Amidst US and European containment measures, China has impressively doubled its semiconductor equipment localization rate to over 40% in just two years. This leap has been particularly noted in equipment for PVD and oxidation, exceeding 50%. Companies like Advanced Micro-Fabrication Equipment Inc. China and Naura Technology have invested heavily in R&D, with ratios exceeding 10%.
This rapid growth in self-reliance can be attributed to China’s extensive domestic market, government support, strong R&D capabilities, and the backing of the capital market. Despite this progress, China continues to lean on foreign technology for lithography processes, constituting a significant portion of semiconductor fabrication time and cost.
From Dependence to Self-Reliance
Only ten years ago, China’s semiconductor industry was highly dependent on foreign equipment and technology, with the country’s localization ratio of semiconductor equipment at a mere 21% in 2022. Fast forward to 2023, and China’s self-sufficiency in semiconductor manufacturing has soared to over 40%. The catalyst for this shift to self-reliance can be traced back to several key factors: a vast domestic market, robust government support, impressive R&D capabilities, and substantial backing from the capital market.
One of the most striking illustrations of this increased self-sufficiency is the localization rate of equipment for Physical Vapor Deposition (PVD) and oxidation processes, which has surpassed 50%. Semiconductor equipment manufacturers have also consistently invested more than 10% of their revenues in R&D, which is higher than most foundries and chip equipment manufacturers, demonstrating a clear commitment to innovation and self-reliance.
Challenges and Opportunities
Despite this impressive progress, China still confronts a considerable challenge in the form of lithography – an essential process in semiconductor manufacturing, which accounts for approximately 60% of the time and around 35% of the cost of semiconductor fabrication. Currently, the localization rate of lithography equipment languishes in the single digits.

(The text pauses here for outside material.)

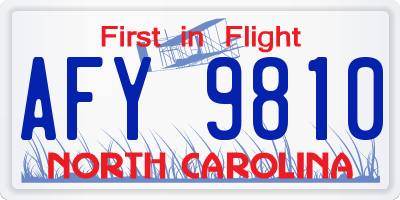 NC license plate AFY9810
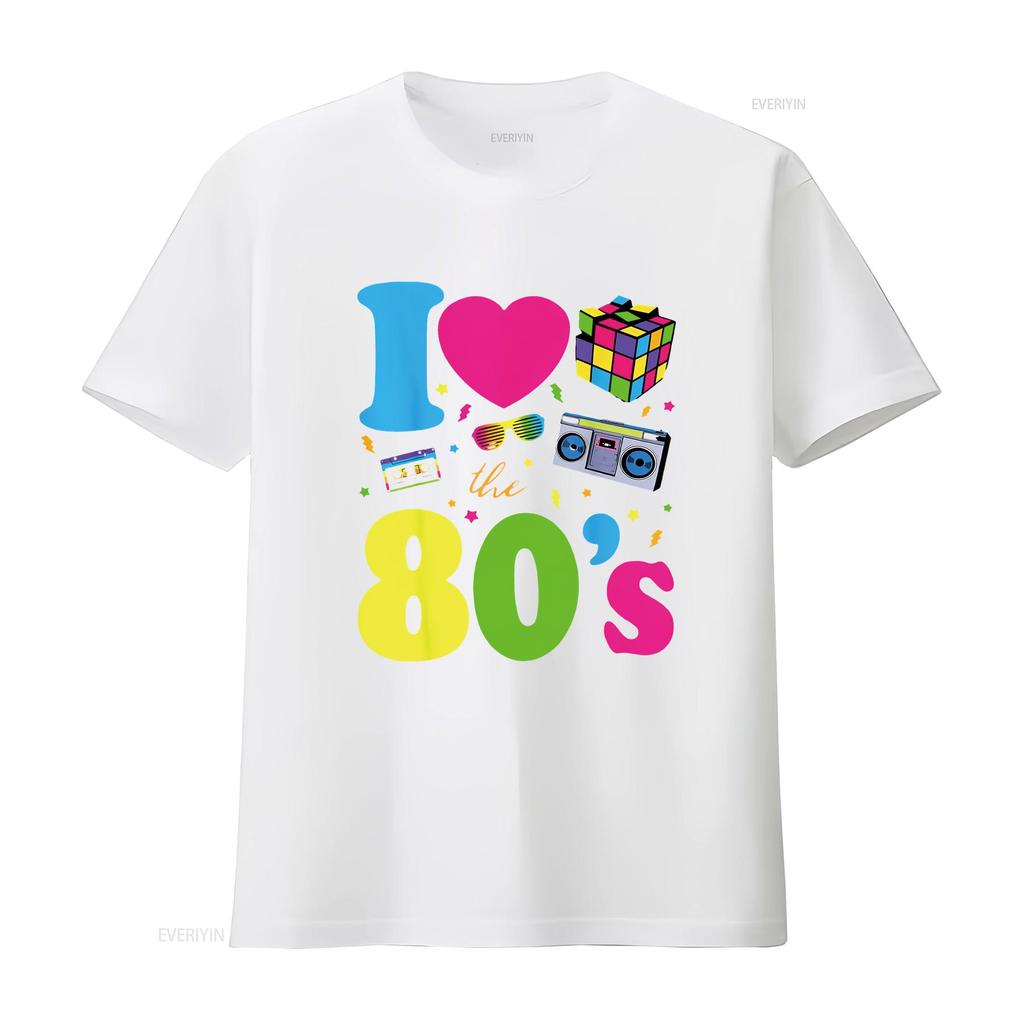 I Love The 80S T Shirt Clothes For Women vintage Washed Comfortable designer clothes fashion Slightly Breathable Unisex Casual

However, there are signs of change on the horizon. For instance, Shanghai Micro Electronics Equipment Group (SMEE) plans to introduce its first scanner capable of producing chips on a 28nm process technology by the end of 2023. This development could potentially enhance China’s lithography self-sufficiency, bringing it closer to achieving a fully localized semiconductor supply chain.
Global Impact
China’s move towards semiconductor localization has far-reaching implications for the country and the global supply chain and market dynamics. With governments increasingly investing in strengthening their local semiconductor ecosystems, China’s aggressive push towards self-sufficiency could disrupt the existing balance of power within the global semiconductor industry.

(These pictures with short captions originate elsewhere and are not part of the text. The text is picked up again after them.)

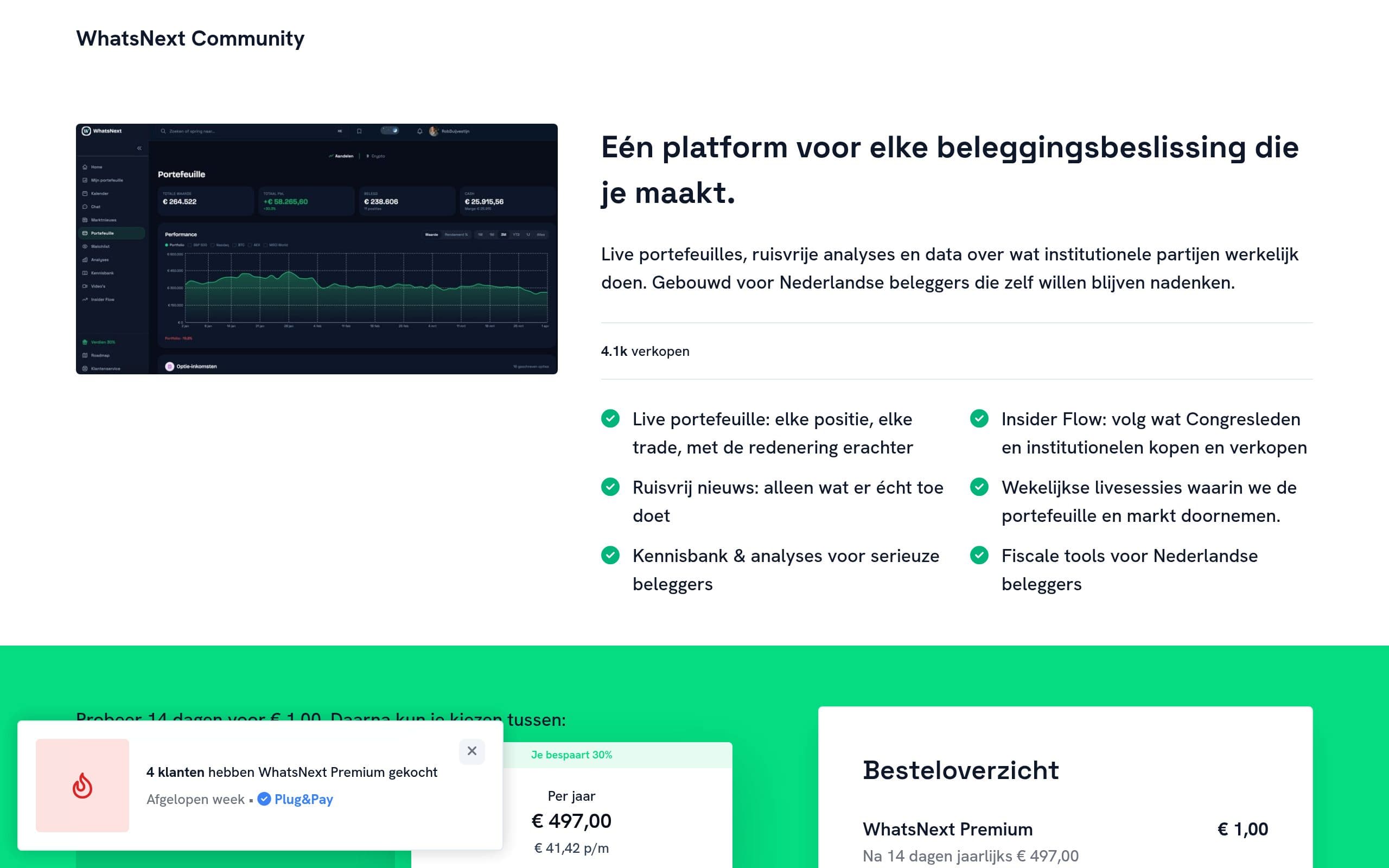 Screenshot van WhatsNext — beleggingscommunity
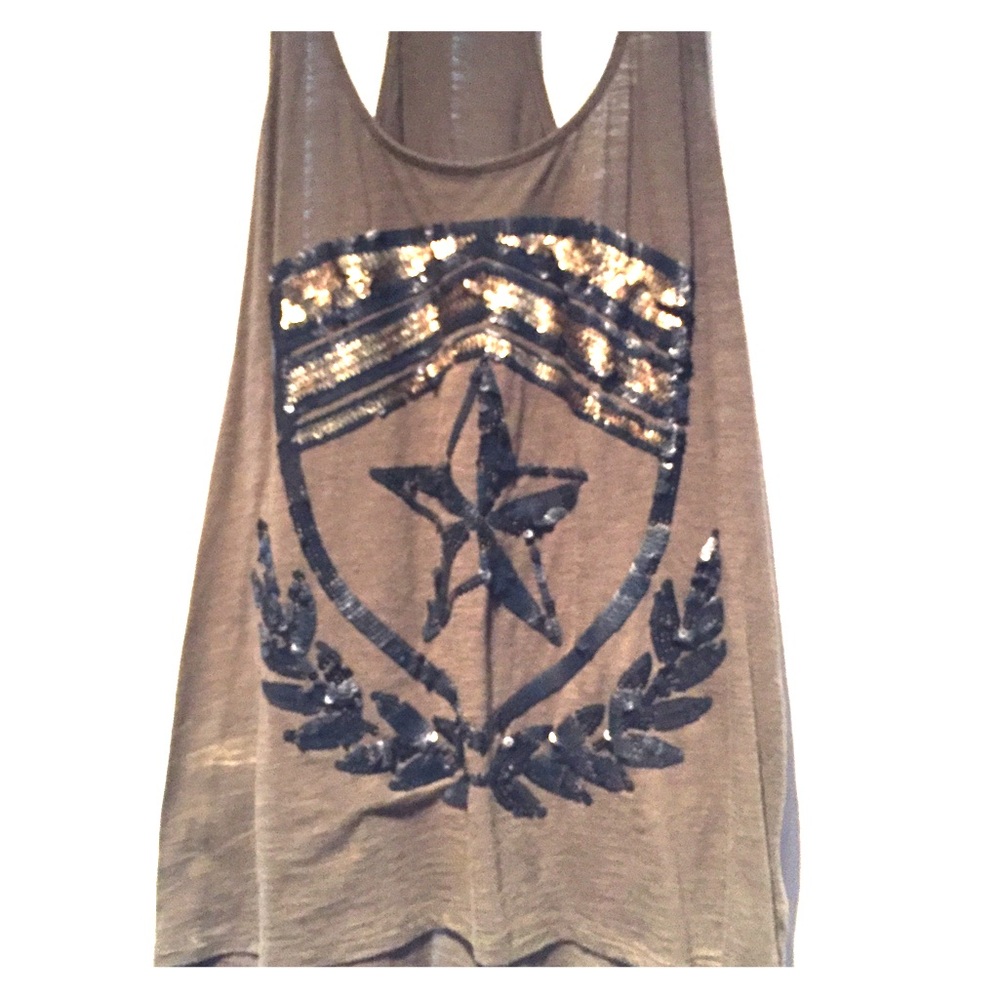 Express Tank Top with Black and Gold Sequin Design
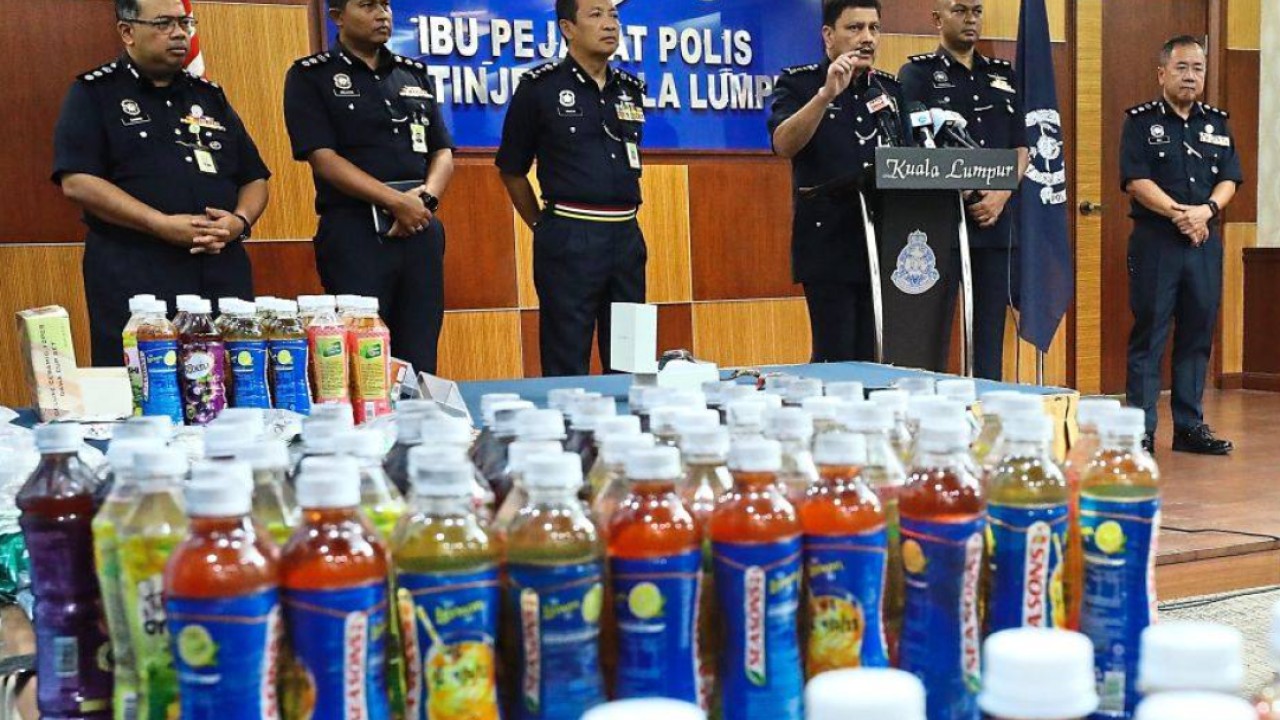 Malaysian police seize drug-laced drinks worth US$246,000, dealer may face death penalty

Moreover, the China-U.S. rivalry over digital technology, with semiconductors at its heart, is becoming the primary force in international politics. As such, China’s progress in semiconductor localization could have important implications for its international relations, particularly with the U.S.
The Path Forward
By 2030, the global semiconductor market is projected to reach $1.1 trillion, and if current trends continue, China could account for a significant portion of this market. However, the semiconductor self-sufficiency race could hinder the industry’s progress toward this $1 trillion goal. Nevertheless, if China continues to navigate these challenges and opportunities with the same vigor and determination it has demonstrated so far, its semiconductor industry’s future looks promising.